▸ ACTIVITY
Drop every picture and copy exactly the lines from the one with "A garden with" through the last line of the listing below.

*** DATASET EXCERPT ***

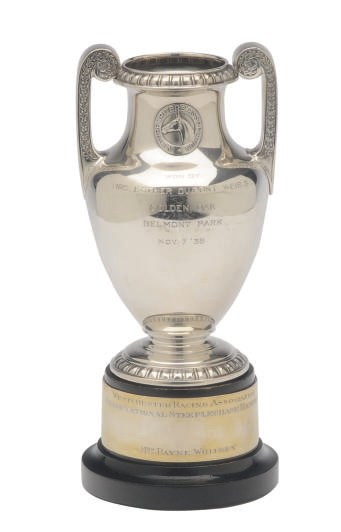 AN AMERICAN SILVER AMPHORA-FORM TROPHY AND SILVER-MOUNTED WOOD BASE,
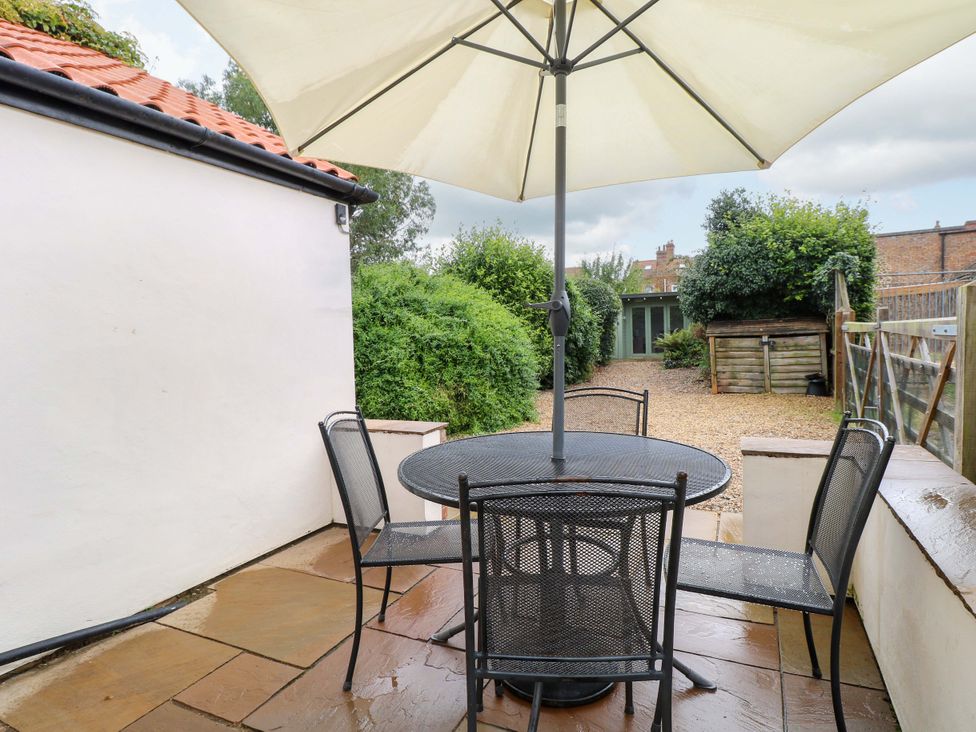 A garden with a table and chairs under an umbrella at Fern Cottage in Heacham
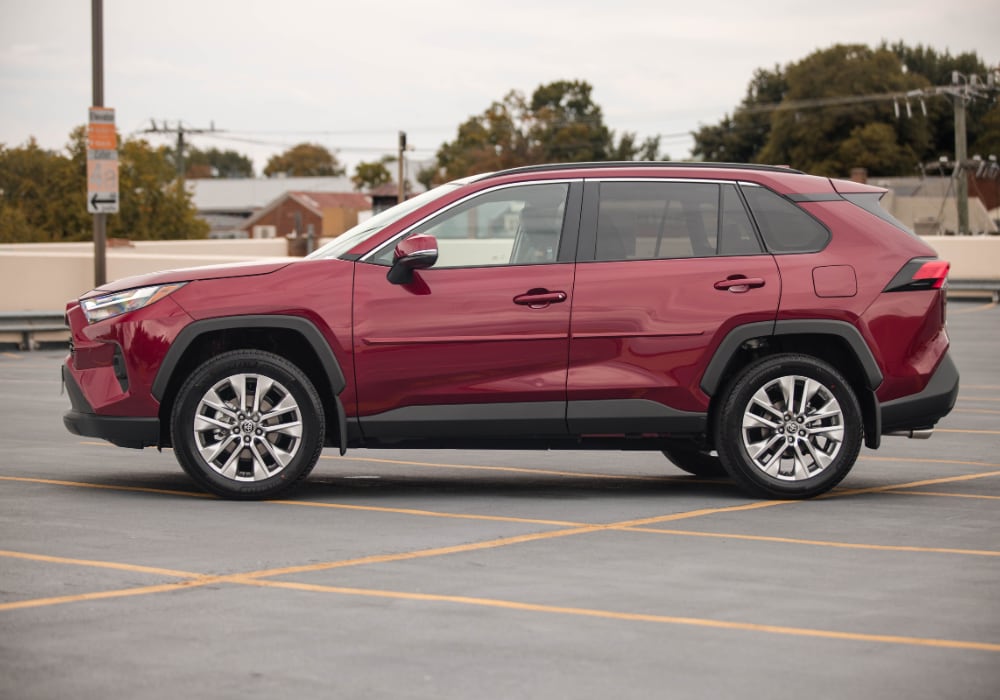Driver's side exterior view of a new Toyota RAV4 for sale, parked in a parking lot with trees and buildings in the background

*** End of DATASET EXCERPT ***

▸ SOLVED EXERCISE
 A garden with a table and chairs under an umbrella at Fern Cottage in Heacham
Driver's side exterior view of a new Toyota RAV4 for sale, parked in a parking lot with trees and buildings in the background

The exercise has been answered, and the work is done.